» **ABOUT THIS TASK**: An exact copy of the data is needed, one that excludes all pictures.

» **DATA SECTION**:
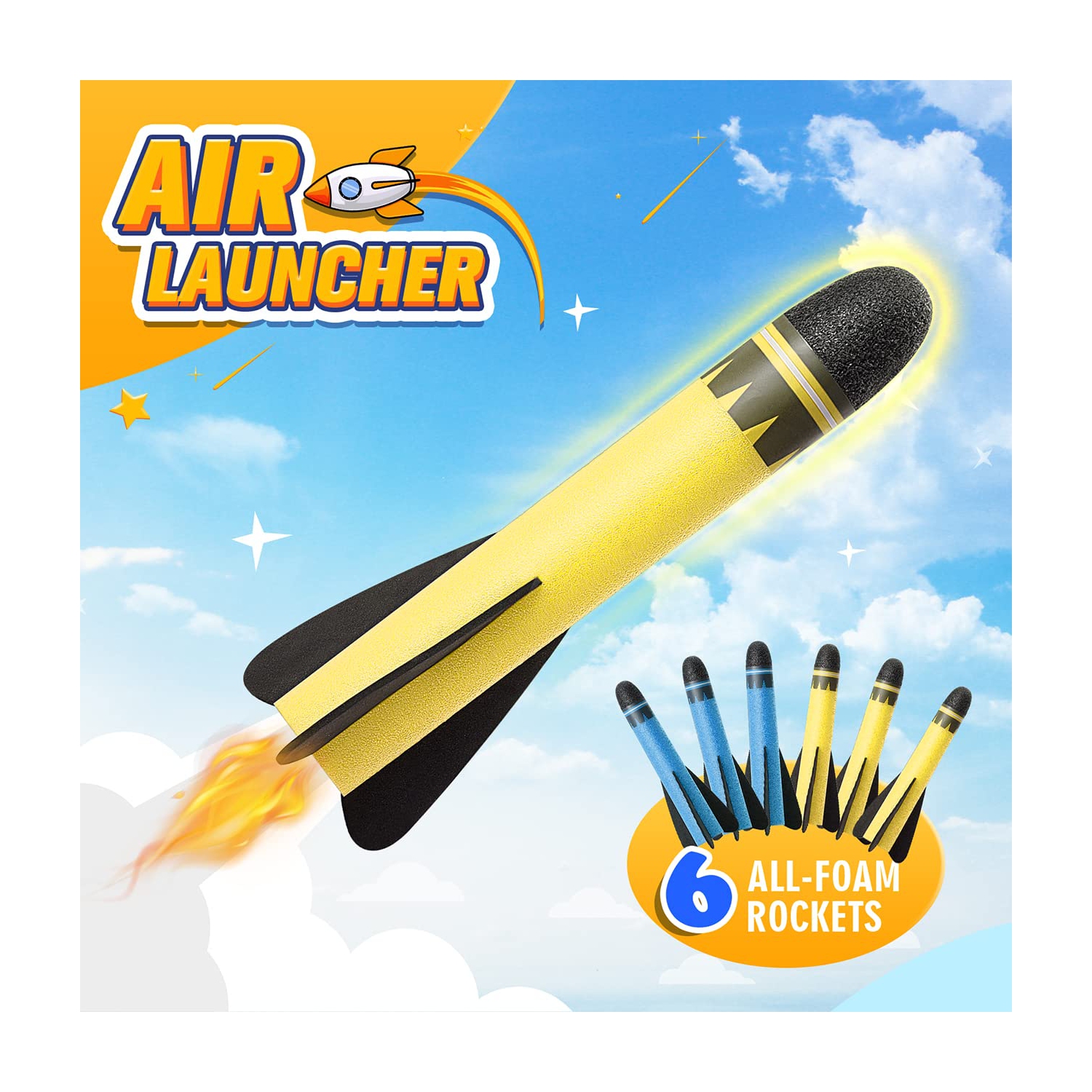 Toys for 3-12 Year Old Boys, CHIMMY Rocket Kit Outdoor Toys for Kids 3-12 Rocket Set Birthday Gifts for Girls Age 3-12 O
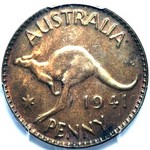 1941 (m) Australian penny
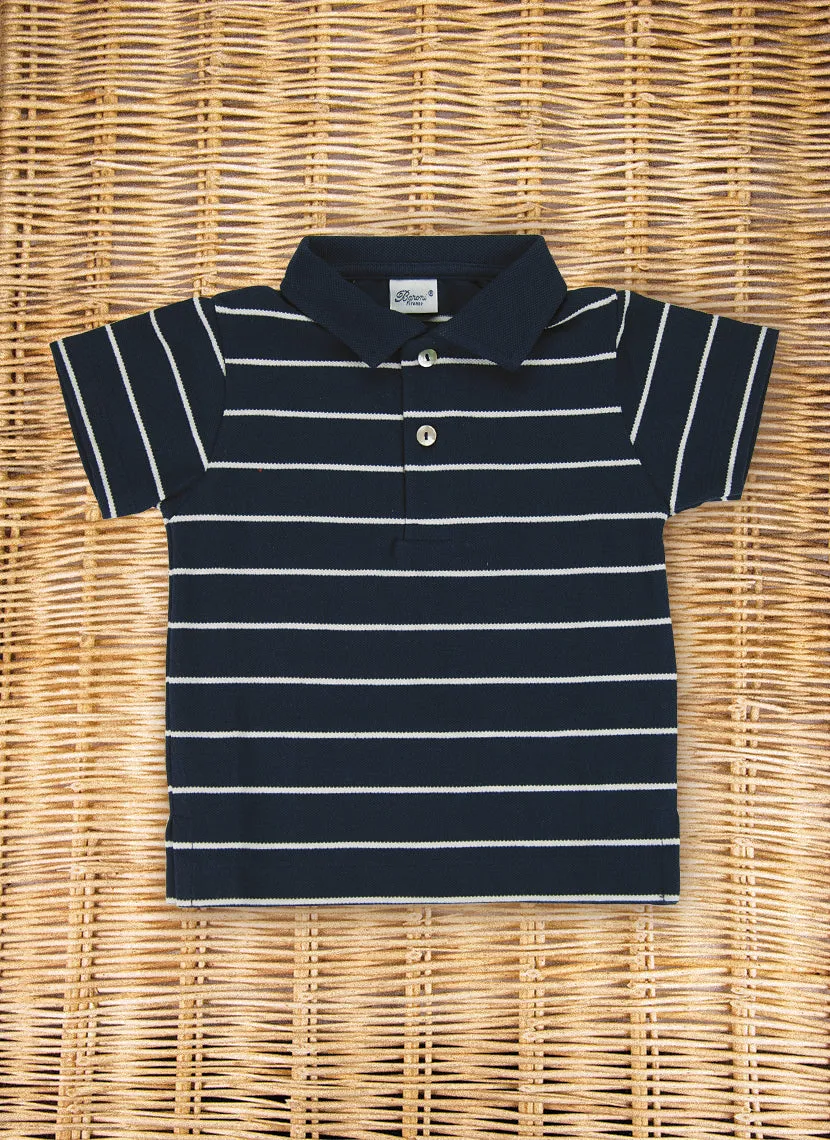 Boy Striped Polo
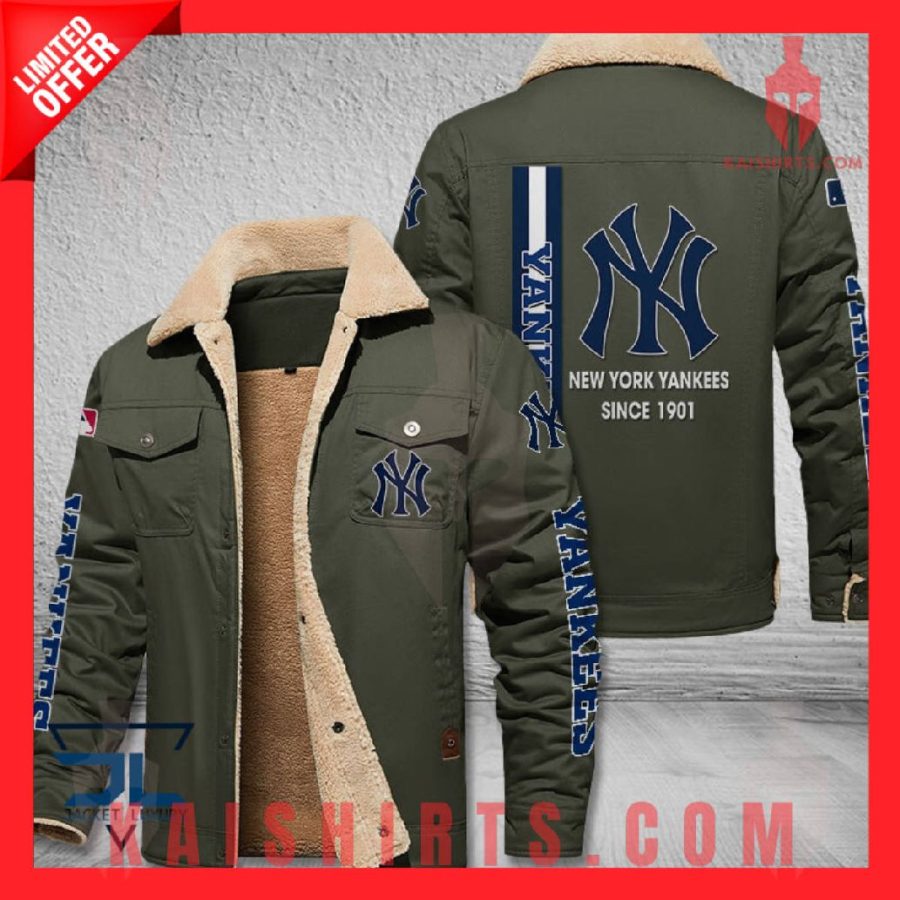 New York Yankees MLB Shearling Jacket's Product Pictures - Kaishirts.com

» **ANSWER BOX**:
 Toys for 3-12 Year Old Boys, CHIMMY Rocket Kit Outdoor Toys for Kids 3-12 Rocket Set Birthday Gifts for Girls Age 3-12 O
 1941 (m) Australian penny
 Boy Striped Polo
 New York Yankees MLB Shearling Jacket's Product Pictures - Kaishirts.com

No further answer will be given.